A careful reconstruction of the Allied campaign, throughout the winter of 1943–44, to break the Nazi hold on southern Italy.
Veterans of Okinawa and Stalingrad may not endorse the subtitle, but the campaign to take the hilltop fortress of Monte Cassino was supremely bloody; as the British comedian Spike Milligan wrote to his parents from the battlefront, “I’m writing this in a hole in the ground, it’s convenient, because if you get killed, they just fill the hole in.” British editor and writer Parker (The Battle of Britain, not reviewed) writes that the mile-high summit of Cassino commanded the only readily negotiable route to Rome, and invaders would have to pass within range of the German guns that crowned the Cassino Massif. Ideal ground for those who possessed it—as Parker notes, it was “considered one of the finest defensive positions in Europe”—Cassino also boasted a vast sixth-century monastery whose walls were 20 feet thick at the base. The Allies enjoyed tremendous material superiority; one German paratroop officer remembers seeing “an unbroken stream of Allied tanks and vehicles . . . flowing westward” across the Liri River valley and wondering how anyone could stand up to such odds.

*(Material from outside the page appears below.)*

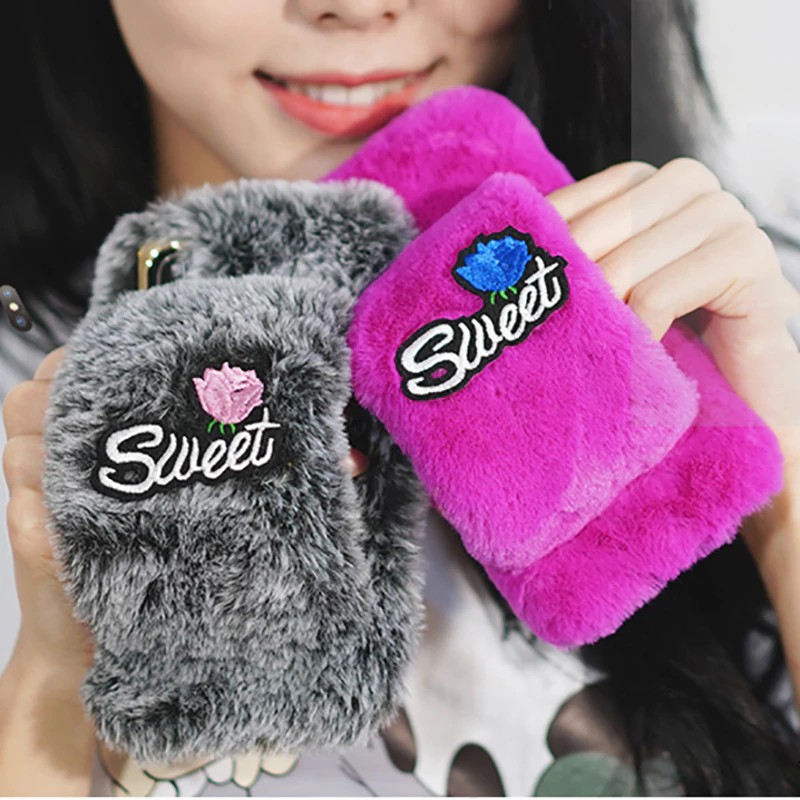 Terlaris Luxury Cute Fluffy Rabbit Fur Warm Case For iPhone XS Max XR X Silicone DIY Winter Glove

But for all the cannons and planes the Allies commanded, uprooting thousands of crack German troops from Cassino had to be accomplished one by one, hand to hand—since, as Parker notes, the Allied air assaults that destroyed the monastery “had merely created ruins in which the defender had the advantage.” The Allied ground attack was accomplished by a truly international force, with equal-opportunity slaughter; among Parker’s finest moments is his account of ill-fated Indian and Maori units chewed up by German machine-gun and mortar fire. The battle, Parker concludes, was disorganized, politicized, and needlessly bloody; had Gen. Mark Clark blocked the earlier German evacuation of Sicily, he suggests, there would have been no crack paratroops to defend Cassino at the start.
An accomplished study of a battle that figures in all the standard WWII textbooks but is rarely given much more than a mention.